OK. Let's start with i-theory. These are the kind of things that we want, ideally, to explain. This is the visual cortex on the left. Models like HMAX, or feedforward models. And on the right are the deep learning convolutional networks, a couple of them, which basically have convolutional stage stages very similar to S1, and pooling stages similar to C1. But quite a lot of those layers.
How many of you know about deep learning? Everybody, right? OK. These are the kind of questions that i-theory tries to answer-- why these hierarchies work well, what is really visual cortex, what is the goal of V1 to IT. We know a lot about simple and complex cells, but again, what is the computational goal of these simple and complex cells? Why do we have Gabor tuning in the early areas?

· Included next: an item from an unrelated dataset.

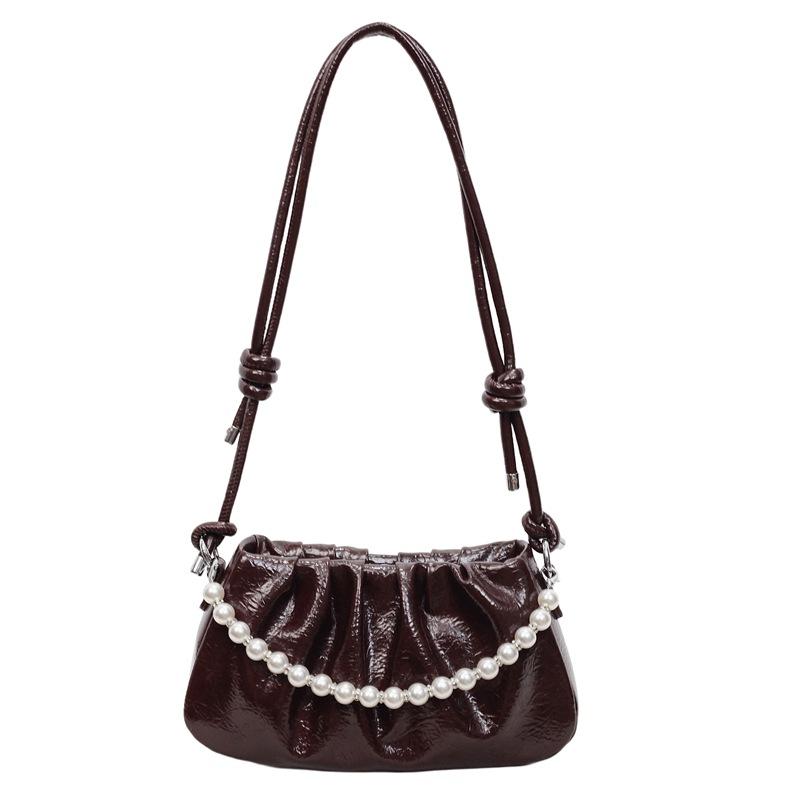 Niche Handbag Women's 2025 New Popular Fashion High-end Pearl Cloud Single Shoulder Crossbody Pleated Bag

And why do we have quite generic tuning, like in the first visual area, but quite specific tuning to different types of objects like faces and bodies higher up?
The main hypothesis with starting i-theory is that one of the main goals of the visual cortex-- it's a hypothesis-- is to compute a set of features, a representation of images, that is invariant to transformations that the organism has experienced-- visual transformations-- and remains selective.
Now, why is invariance important? A lot of the problem of recognizing objects is the fact that I can see once Rosalie's face, and then the next time it's the same face, but the image is completely different, for it's much bigger now because I'm closer, or the illumination is different. So the pixels are different. And from one single object, you can produce in this way-- through translation, scaling, different illumination, viewpoint-- you can produce thousands of different images.
So the intuition is that if I could get a computer description-- say, long vectors of features of her face-- that does not change under these transformations, recognition would be much easier. Easier means, especially, that I could learn to recognize an object with much fewer labeled examples.
Here on the right you have a very simple demonstration of what I mean, empirical demonstration. So we have at the bottom different cars and different planes. And there is a linear classifier which is trained directly on the pixel. Very stupid classifier. And you train it with one car and one plane-- this is on the left-- or two cars, two planes. And then you test on other images.
And as you can see, when it's trained with the bottom examples, which are at all kinds of viewpoints and sizes, the performance of the classifier in answering is this a car or is this a plane, it's 50%. It's chance. Does not learn at all.
On the other hand, suppose I have an oracle which is-- I will conjecture is visual cortex, essentially, that gives you the feature vectors for each image, which is invariant to these transformations. So it's like having images of cars in this line B. They're all in the same position, same illumination, and so on, and the same for the planes.
And I repeat this experiment. I use one pair-- one car, one plane-- to train, or two cars, two planes, and I see immediately that when tested on new images, this classifier is close to 90%. So much better. So correcting-- having invariant representation can help a lot.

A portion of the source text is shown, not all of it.